Ford, Britain's biggest car seller, yesterday announced its third price cut in 12 months in a desperate attempt to stimulate a market that is set to decline for the third year running. The reductions cover 70 per cent of its model range and will cut up to pounds 520 off most Escorts and Orions and pounds 955 off the price of a Fiesta 1.1i LX.
Ian McAllister, chairman of Ford, warned: 'There is still no sign of any significant upturn in demand and I do not believe we can expect any real growth before the second half of 1994 unless the Government takes some action.' Top of his priorities were a boost to the economy through increased public spending and the scrapping of special car tax.
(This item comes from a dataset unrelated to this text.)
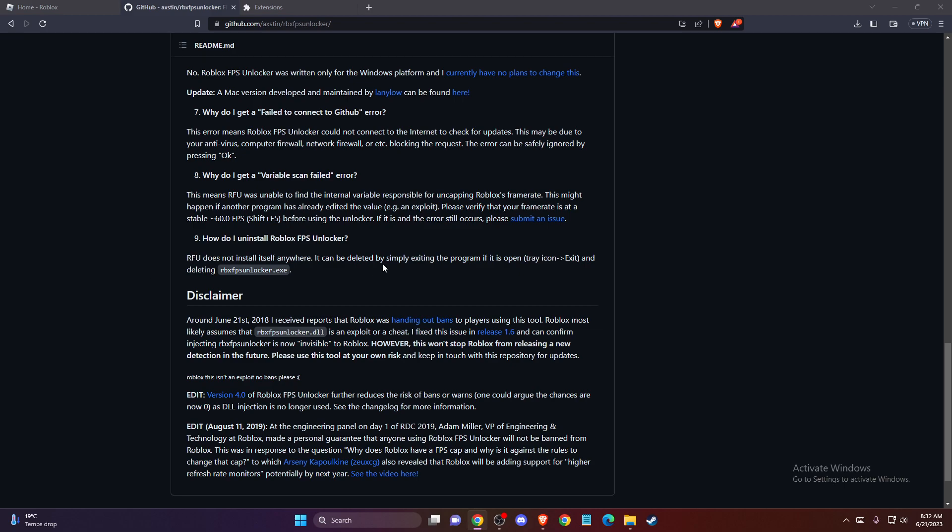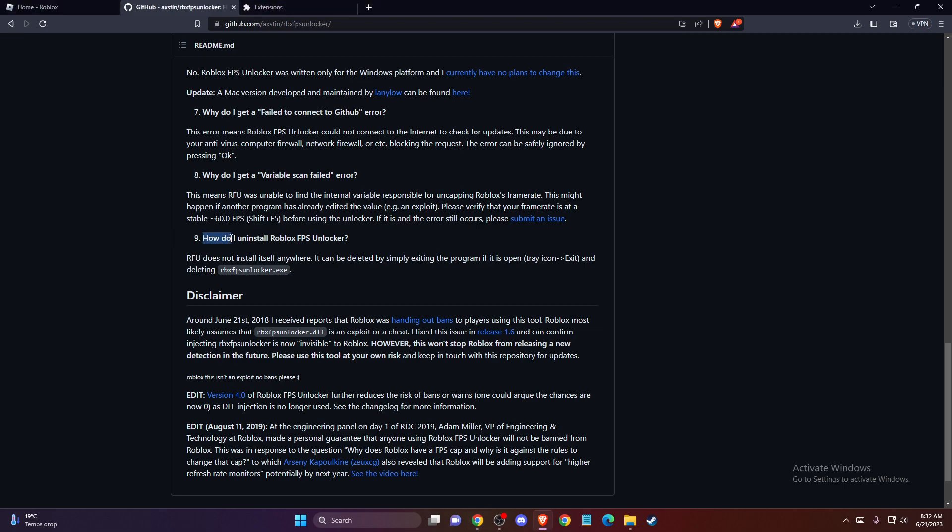So I'm on the FPS Unlocker site here and as you can see in the FAQs there is a question that says how do I uninstall Roblox FPS Unlocker. FPS Unlocker does not install itself anywhere. It can be deleted by simply exiting the program if it's open and deleting the FPS Unlocker.exe file.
His concern was echoed by George Simpson, chairman of Rover, who said: 'I do not see a lot of light at the end of the tunnel. We need stability in economic and political policy but at the moment we have neither.'
Michael Heseltine, President of the Board of Trade, had been expected to receive a rough ride when he visited the show yesterday but he pulled out at the last minute to deal with the pit crisis.
Mr Simpson said: 'Mr Heseltine has got to understand the importance of consumer confidence and sentiment. Somehow he has got to address these problems.' There is concern that the Government's decision to axe thousands of miners' jobs alone will dent confidence sufficiently to prevent an upturn for the next three months.
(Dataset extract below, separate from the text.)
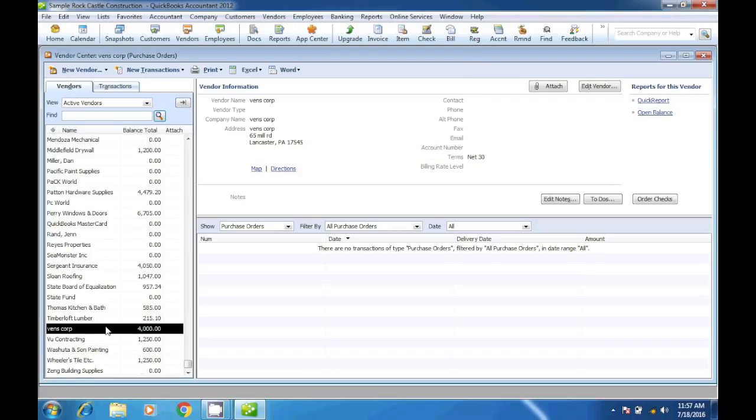The reason why we were able to delete that vendor is because we didn't use it for anything - the opening balance was zero and we didn't do anything with that vendor, so in QuickBooks we were able to delete that vendor.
The anger at the Government's apparent drift was being voiced throughout the industry. David Gent, director general of the Retail Motor Industry Federation, said: 'The Government has got to convince people that it has a coherent industrial and economic policy. Its obsession with going for zero inflation has not helped, indeed it has positively damaged the economy.'
Even manufacturers such as Nissan, which has been insulated from the sharp downturn in the UK market by buoyant export sales, were critical of ministers. Ian Gibson, managing director of the Japanese car company's Sunderland plant, said: 'We need certainty and a properly articulated policy. The way to deal with that is to achieve stability and predictability in exchange, interest and inflation rates.'
Nissan has put on ice plans to raise production at Sunderland by 10 per cent to 300,000 next year because of the uncertainty in UK and Continental markets.
Ford also announced price increases of about 2 per cent for its Sierra, Granada and Scorpio models, which are all manufactured on the Continent, reflecting a significant increase in costs since the pound was forced out of the exchange rate mechanism. Renault also announced rises of 2 per cent across the board, while Mercedes and Isuzu are expected to follow suit to cope with the pound's devaluation.